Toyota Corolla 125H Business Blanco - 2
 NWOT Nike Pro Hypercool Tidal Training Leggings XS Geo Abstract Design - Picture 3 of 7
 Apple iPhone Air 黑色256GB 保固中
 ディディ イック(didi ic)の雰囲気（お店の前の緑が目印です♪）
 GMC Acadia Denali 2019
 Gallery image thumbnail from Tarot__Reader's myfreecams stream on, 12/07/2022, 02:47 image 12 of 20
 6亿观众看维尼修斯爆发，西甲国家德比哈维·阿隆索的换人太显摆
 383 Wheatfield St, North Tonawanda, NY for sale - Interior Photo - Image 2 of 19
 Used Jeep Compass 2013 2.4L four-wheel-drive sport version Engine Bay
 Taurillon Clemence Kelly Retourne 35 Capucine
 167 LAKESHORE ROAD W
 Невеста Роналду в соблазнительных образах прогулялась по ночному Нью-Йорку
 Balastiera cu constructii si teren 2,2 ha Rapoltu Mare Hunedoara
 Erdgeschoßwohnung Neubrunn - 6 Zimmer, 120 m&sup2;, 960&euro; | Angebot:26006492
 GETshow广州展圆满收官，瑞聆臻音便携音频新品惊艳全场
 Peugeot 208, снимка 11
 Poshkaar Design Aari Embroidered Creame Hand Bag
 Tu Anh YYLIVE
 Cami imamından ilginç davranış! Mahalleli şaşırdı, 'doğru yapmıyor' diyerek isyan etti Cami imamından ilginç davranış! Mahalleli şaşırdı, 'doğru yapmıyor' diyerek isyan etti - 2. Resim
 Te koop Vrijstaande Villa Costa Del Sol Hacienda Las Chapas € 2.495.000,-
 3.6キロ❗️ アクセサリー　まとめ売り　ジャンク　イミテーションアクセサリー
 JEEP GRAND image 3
========
**Required action**
Copy each of the records above so that nothing differs from the original.

**Answer section**
Toyota Corolla 125H Business Blanco - 2
 NWOT Nike Pro Hypercool Tidal Training Leggings XS Geo Abstract Design - Picture 3 of 7
 Apple iPhone Air 黑色256GB 保固中
 ディディ イック(didi ic)の雰囲気（お店の前の緑が目印です♪）
 GMC Acadia Denali 2019
 Gallery image thumbnail from Tarot__Reader's myfreecams stream on, 12/07/2022, 02:47 image 12 of 20
 6亿观众看维尼修斯爆发，西甲国家德比哈维·阿隆索的换人太显摆
 383 Wheatfield St, North Tonawanda, NY for sale - Interior Photo - Image 2 of 19
 Used Jeep Compass 2013 2.4L four-wheel-drive sport version Engine Bay
 Taurillon Clemence Kelly Retourne 35 Capucine
 167 LAKESHORE ROAD W
 Невеста Роналду в соблазнительных образах прогулялась по ночному Нью-Йорку
 Balastiera cu constructii si teren 2,2 ha Rapoltu Mare Hunedoara
 Erdgeschoßwohnung Neubrunn - 6 Zimmer, 120 m&sup2;, 960&euro; | Angebot:26006492
 GETshow广州展圆满收官，瑞聆臻音便携音频新品惊艳全场
 Peugeot 208, снимка 11
 Poshkaar Design Aari Embroidered Creame Hand Bag
 Tu Anh YYLIVE
 Cami imamından ilginç davranış! Mahalleli şaşırdı, 'doğru yapmıyor' diyerek isyan etti Cami imamından ilginç davranış! Mahalleli şaşırdı, 'doğru yapmıyor' diyerek isyan etti - 2. Resim
 Te koop Vrijstaande Villa Costa Del Sol Hacienda Las Chapas € 2.495.000,-
 3.6キロ❗️ アクセサリー　まとめ売り　ジャンク　イミテーションアクセサリー
 JEEP GRAND image 3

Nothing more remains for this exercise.